On ne disait pas encore une voiture ! Nous
demeurions à Tours près du jardin botanique où ma
jeune et belle dame vint un jour s’installer en face de ma maison.
Habillée comme les mannequins de la Rue Nationale, parfumée,
maquillée, je l’admirais et sus faire sa conquête ;
conviée chez elle, je m’y sentais à l’aise.
J’assistais au déballage des cartons qu’elle
recevait des grands magasins de Paris : toilettes superbes, dessous
affriolants faits de dentelle et de rubans.
Un beau Monsieur venait souvent chez elle (j’ai
appris par la suite qu’il l’avait épousée).
Immensément riche, il la laissa veuve peu après. Il possédait
une Dedion Bouton rutilante
de partout, tous les gosses du quartier venaient l’admirer. Un jour,
faste pour moi sans doute, je fus invitée à monter dans cette
merveille ; installée dans le spider, le roi n’était
pas mon cousin.
Nous allions de temps en temps jusqu’à
leur propriété “La Châtaigneraie”, grisés par la vitesse, toute la poussière
que nous projetions derrière et qui parfois m’aveuglait, fière
des regards admiratifs (que je prenais à mon compte) que suscitait
cet engin, un ange du ciel ne pouvait pas être plus heureux. Tous les
deux équipés en conséquence : Monsieur portait manteau
en peau, casquette à visière arrière, grosses lunettes
; Madame, encapuchonnée sous une énorme voilette, laquelle
maintenait un immense chapeau fait de plumes, de fleurs, de rubans qui n’aurait
demandé qu’à s’envoler.
Mais il y avait le retour où il fallait
redescendre sur terre moralement et physiquement.
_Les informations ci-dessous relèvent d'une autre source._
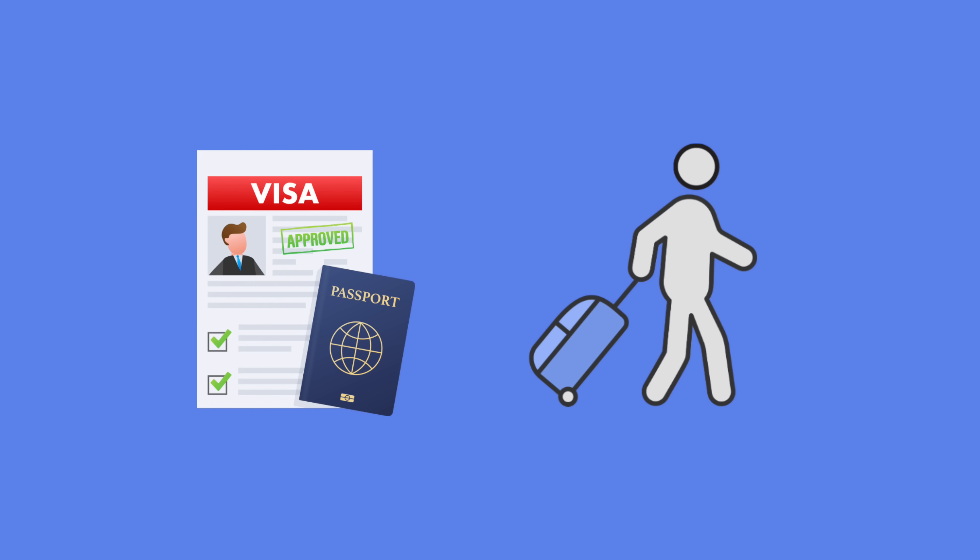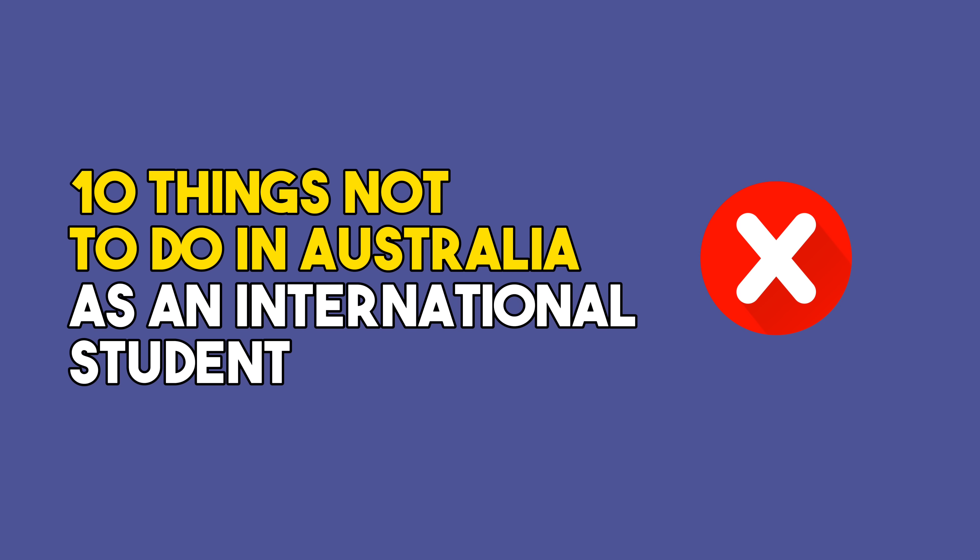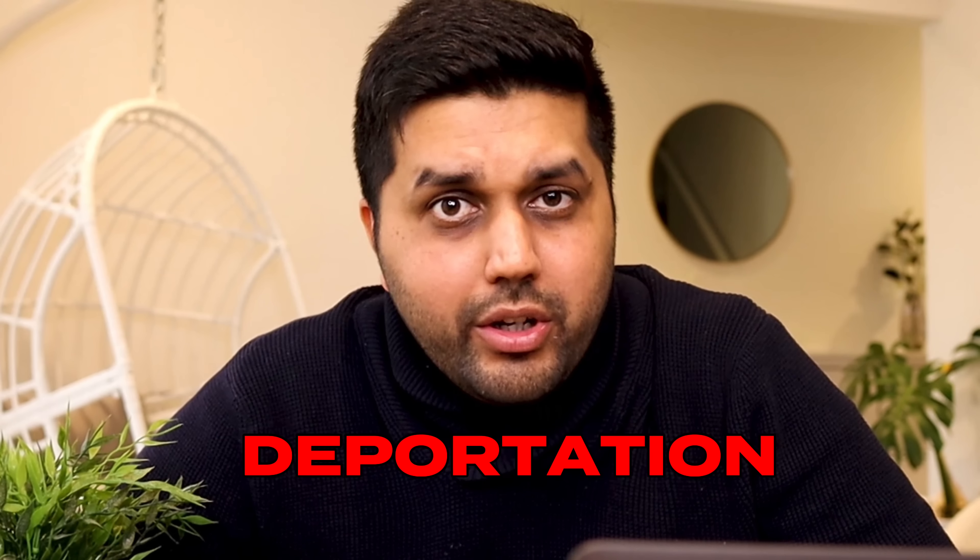These are the things that can get your student visa canceled and can even get you deported from Australia. Obviously we don't want that to happen to you, so in this video we will talk about 10 things that you should not do as an international student in Australia. Point number nine is so critical that it is one of the most common reasons for student visa cancellation and deportation in Australia.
Je n’en finissais
plus de casser les pieds à mes parents, avec tous les détails
de mes équipées.
Et puis un jour, nous sommes partis pour Chambéry
où j’ai connu d’autres joies certes, mais le souvenir de
mes promenades en automobile avait été un des plus beaux
souvenirs de ma jeune vie.
Marie-Thérèse SAUVAGET (91 ans)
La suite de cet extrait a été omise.